Prinsip-prinsip Pluralisme sering kali bertentangan dengan ajaran agama-agama di Indonesia, karena setiap agama memiliki ritual dan keyakinan yang berbeda. Menggabungkan ritual dari agama yang berbeda dianggap sebagai tindakan yang merendahkan kesucian masing-masing ritual. M. Rasjidi menekankan bahwa agama adalah sesuatu yang mendasar dan tidak dapat diubah, berbeda dengan hal-hal seperti rumah atau pakaian yang bisa diganti. Keyakinan agama, menurutnya, begitu melekat pada individu sehingga sulit bagi mereka untuk bersikap objektif dalam hal keagamaan, karena mereka secara emosional dan spiritual terikat dengan keyakinan tersebut. Misalnya, seorang Muslim akan selalu merasa terikat dengan Islam, yang membuat mereka cenderung melihat persoalan keagamaan dari perspektif yang sangat subjektif.

Adanya multi complex dalam yang mengadung Religius pluralism. Bermacam-macam agama, karena itu adalah relitas, yang mau tidak mau kita menyesuaikan diri, dan mengakui keberadaan pluralisme di Indonesia.
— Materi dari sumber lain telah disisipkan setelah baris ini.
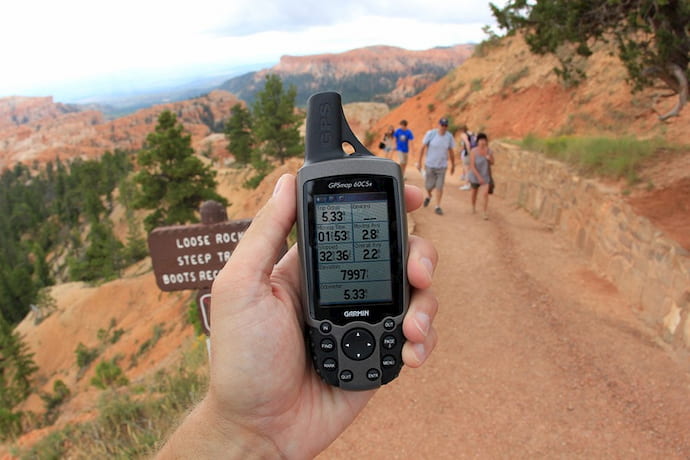 man holding in his arm waterproof Handheld GPS for hiking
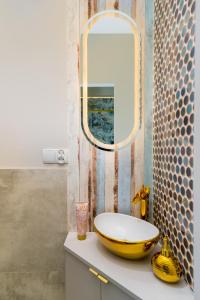a bathroom with a yellow sink and a mirror at Jacuzzi Berka Apartamenty in Krakow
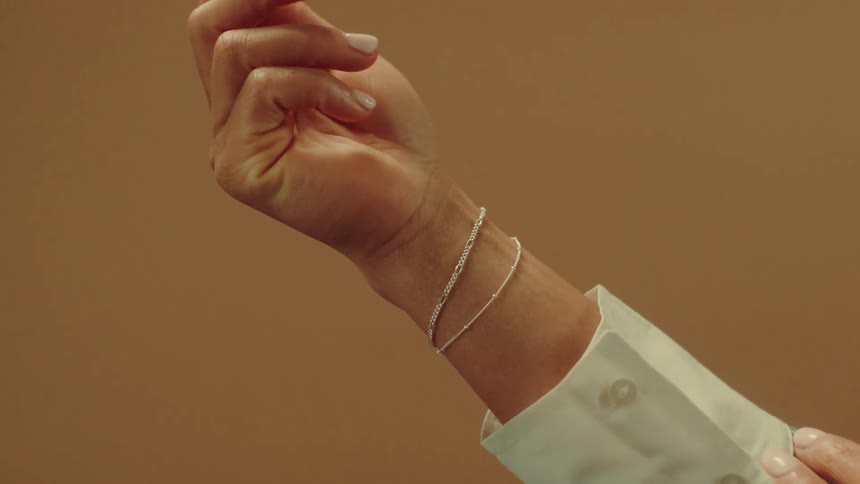 Wrist of a female arm with shiny bracelets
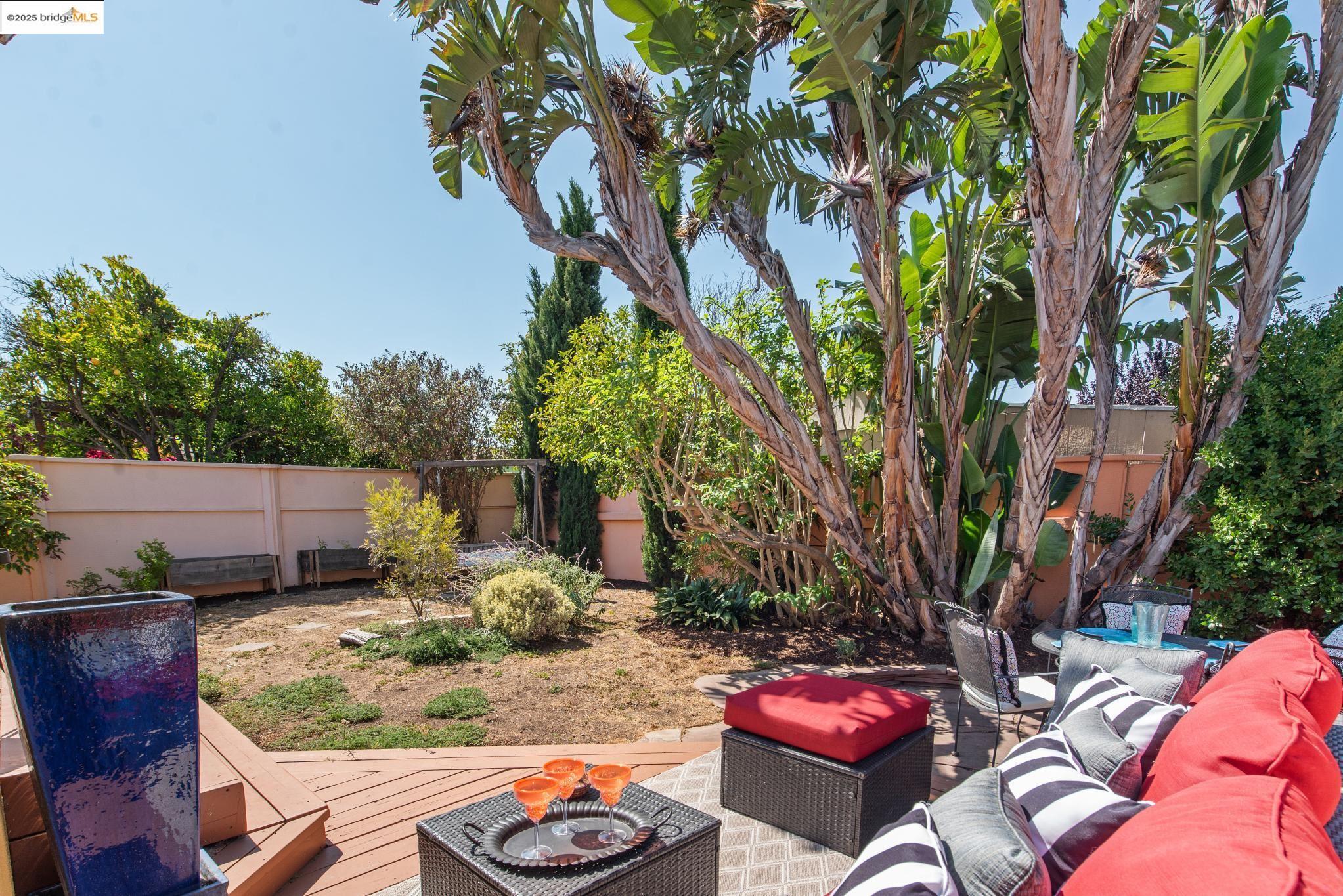 2721 Best Avenue Oakland, CA 94619 - Photo 25 of 28 Wooden deck with an outdoor hangout area and a fenced backyard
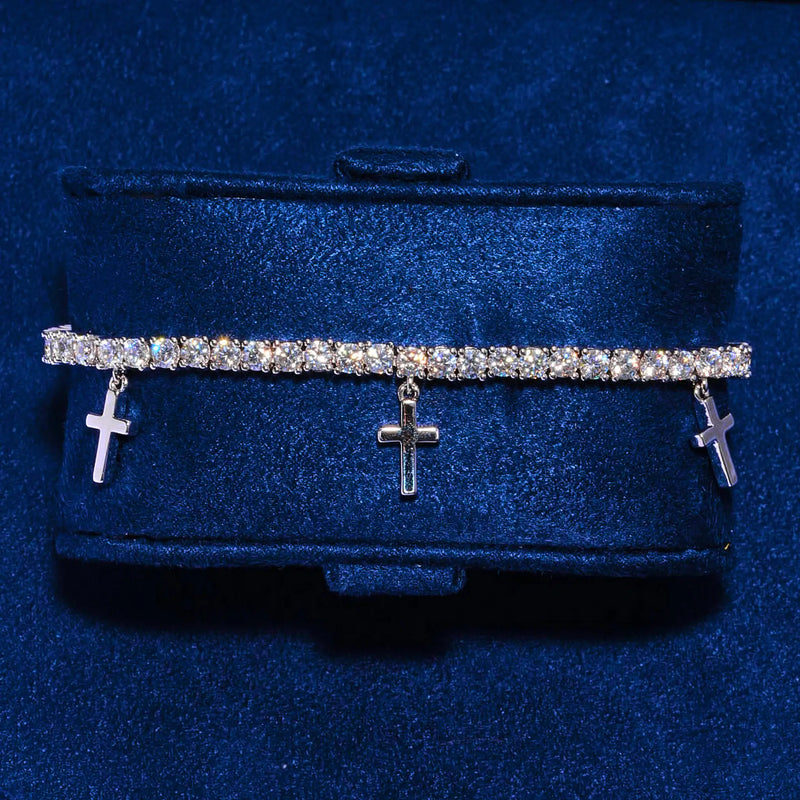 3MM tennis bracelet in white gold with five dangling silver crosses and CZ stones on blue background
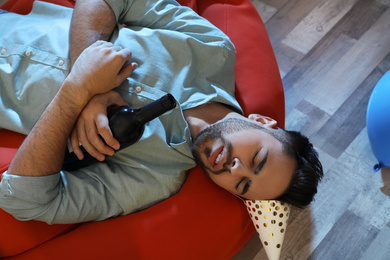 Photo of Young man sleeping in room after party, above view
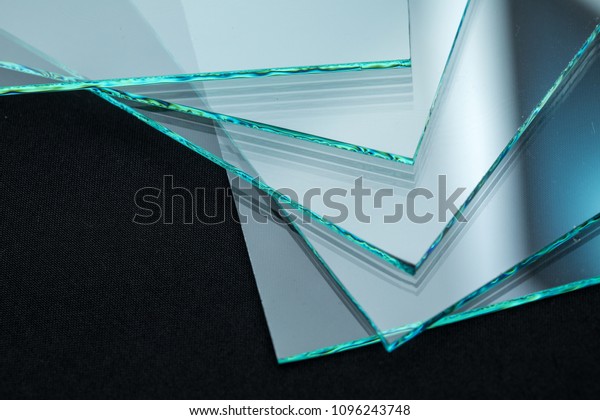 Sheets of Factory manufacturing tempered clear float\
glass panels cut to size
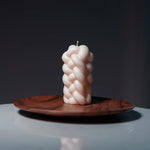 Braided candle on a wooden plate with a dark background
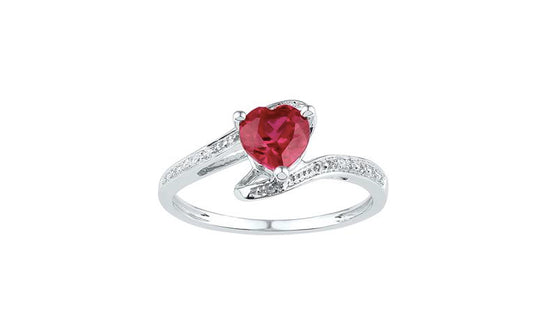 Heart-shaped lab ruby and diamond ring in sterling silver on white background
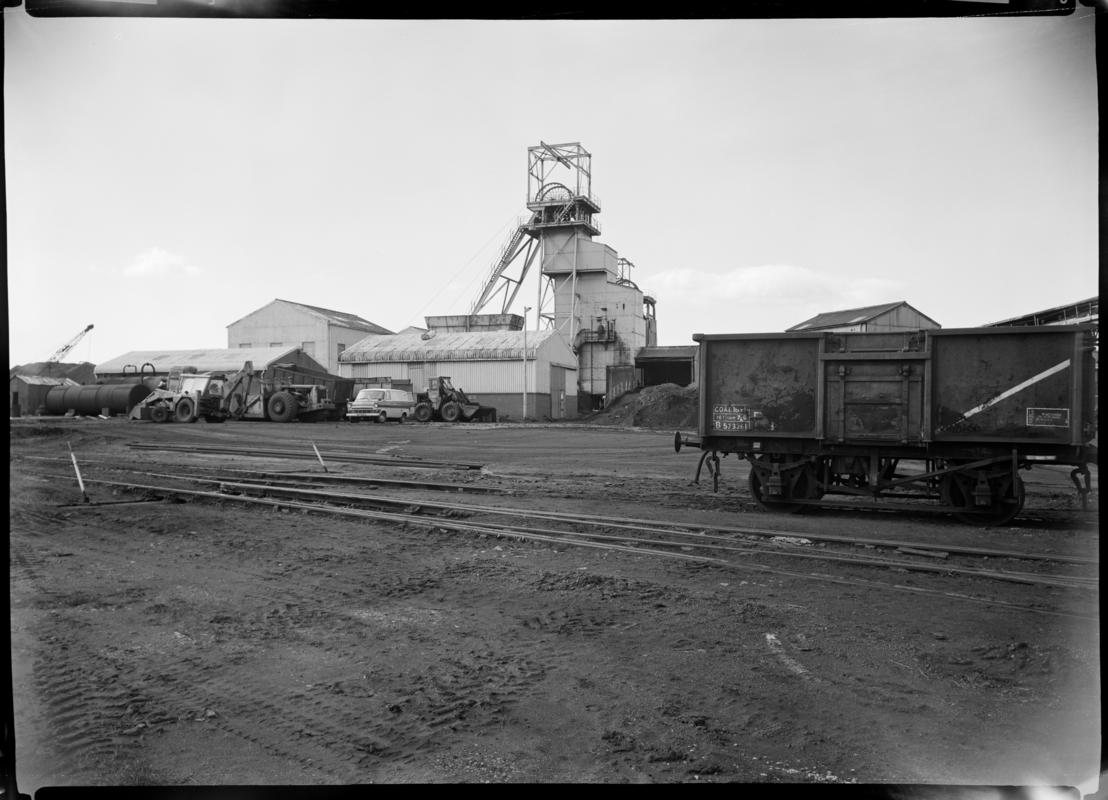 Black and white film negative showing a surface view of Brynlliw Colliery and yard. &#039;Brynlliw Glam 1973&#039; is transcribed from original negative bag.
Makna kata pluralisme dan pluralisme agama itu sendiri

Pluralisme dan Pluralisme Agama adalah konsep yang sering kali menimbulkan berbagai interpretasi dan perdebatan. Pluralisme, secara umum, merujuk pada keberagaman dalam masyarakat, baik dalam hal budaya, etnis, maupun keyakinan. Pluralisme Agama secara spesifik mengacu pada pengakuan terhadap keberadaan berbagai agama dan keyakinan yang berbeda, serta penerimaan terhadap hak-hak masing-masing pemeluk agama untuk menjalankan keyakinan mereka.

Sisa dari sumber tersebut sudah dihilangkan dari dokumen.